Earl Ertman: Well, a lot of people have. There's much to be found there in a lot of places, and I'm not going to tell you where to go yet, because I may live a little longer, and If I ever get money we might find some more places. We lucked out. We have a shaft, we have a tomb. And it has been... it's been entered once but has not been robbed heavily. The problem is, as you'll see in another slide, we have termites - we've had termites since antiquity.

Those termites destroyed most of the wooden coffins but some parts that have paint survived - like the one that resembles a beautiful young woman.

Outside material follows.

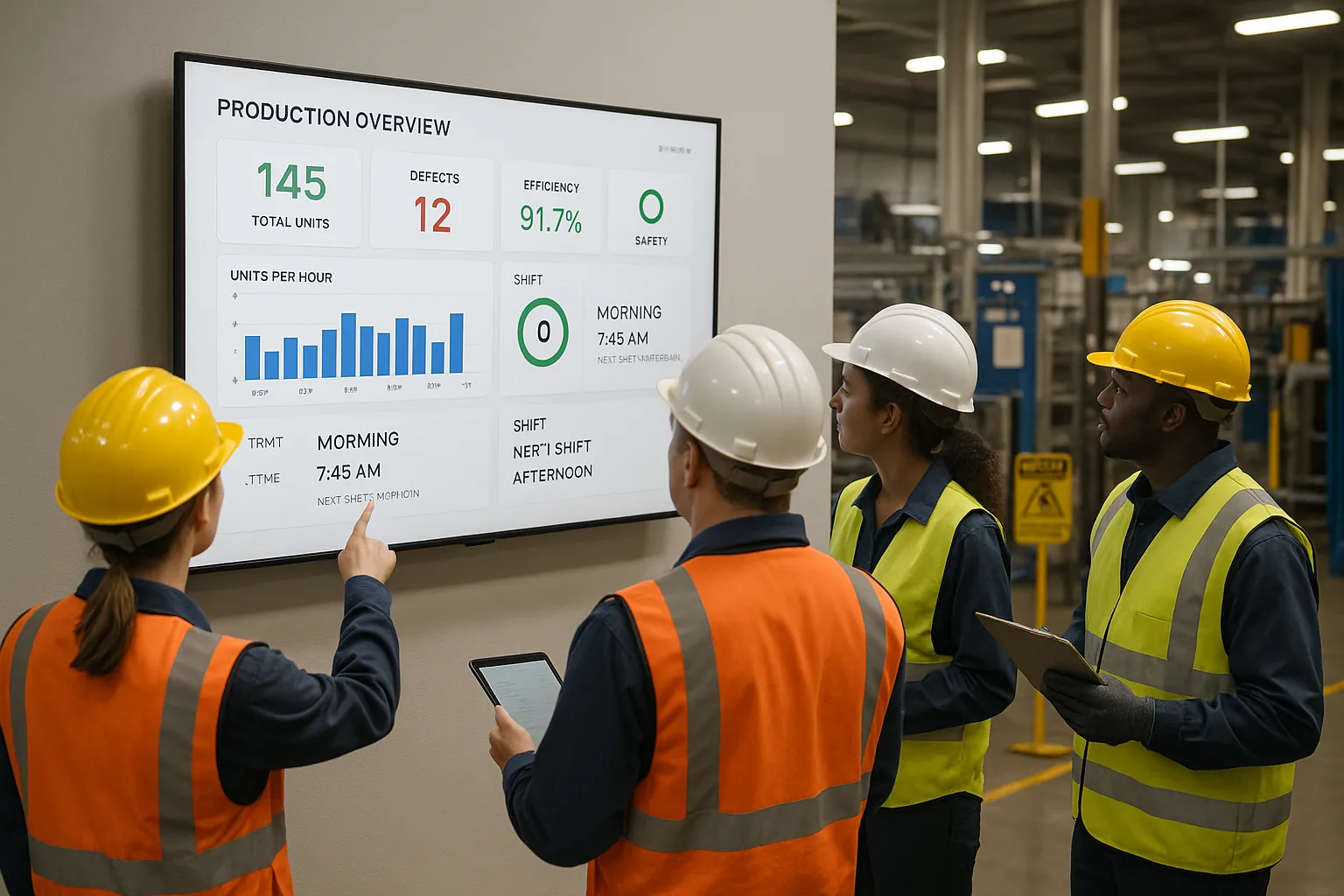 Manufacturing workers viewing digital signage display in industrial facility setting.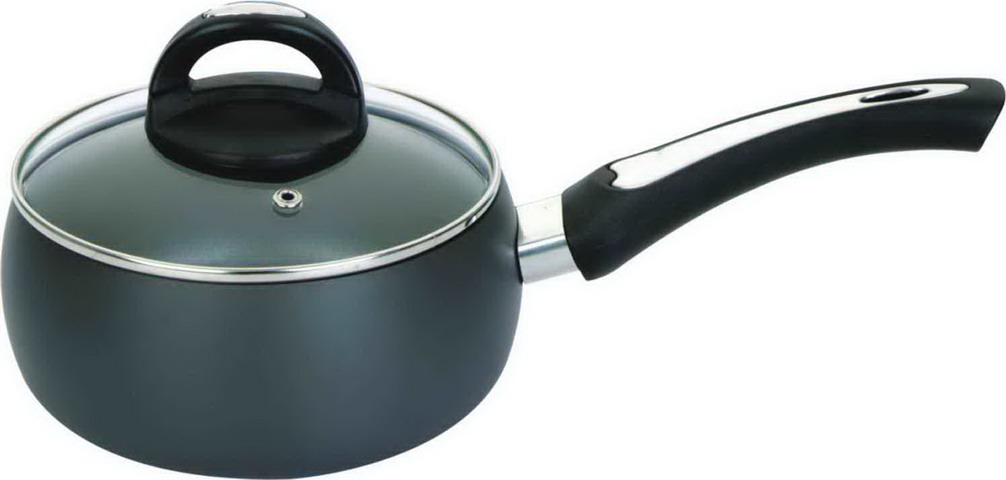 hard-anodized aluminum saucepan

Earl Ertman: This is not the first coffin. This is the one with the prettiest face. But look at the wood - there's nothing left! But this is the face that would stop 1,000 ships. There's no damage to her. But here headdress everything else is eaten up. Because she is just painted, her face is and her ears.

Does it have a particular smell when you first get in?

Earl Ertman: Yes, when I first entered it was very aromatic. Like a very nice potpourri - I don't really like potpourri very much, but there was a nice fragrance. Now maybe it was the flowers disintegrating or what... it didn't last long but I thought, 'maybe I shouldn't be sucking up this stuff.'

The crew found several woven wreaths of flowers that were actually worn as collars. Ertman says that's an indication of a burial. It's possible that some mummies were buried there and then later moved.

What intrigues Egyptologists about this tomb is its proximity in both space and time to Tutankhamen's tomb. Dr. Ertman says his team has found seals that were stamped in soft mud that match some found in King Tut's tomb.

Earl Ertman: We assume at some point, maybe not, when the coffins were made, at some point we're in the time period of Tut or King who buried him. How much of the other things date to that precise time I can't tell you yet.

Any hunch who was buried?

Earl Ertman: No, plenty of suppositions and as soon as you say something somebody jumps on you. I'll be glad to wait. A lot of people would like to make it an Amarna cache - they'd like the daughters of Akhenaton to all have died and interred there. Well, without mummies, that's going to be tough and without inscriptions, that's going to be even harder.

Earl Ertman also says this tomb and the nearby royal tombs were cut into the stone with a particular kind of overhang that indicates the same builder was responsible. And even though some objects have yet to opened and examined, he already considers this a significant find. Mark Urycki, 90.3.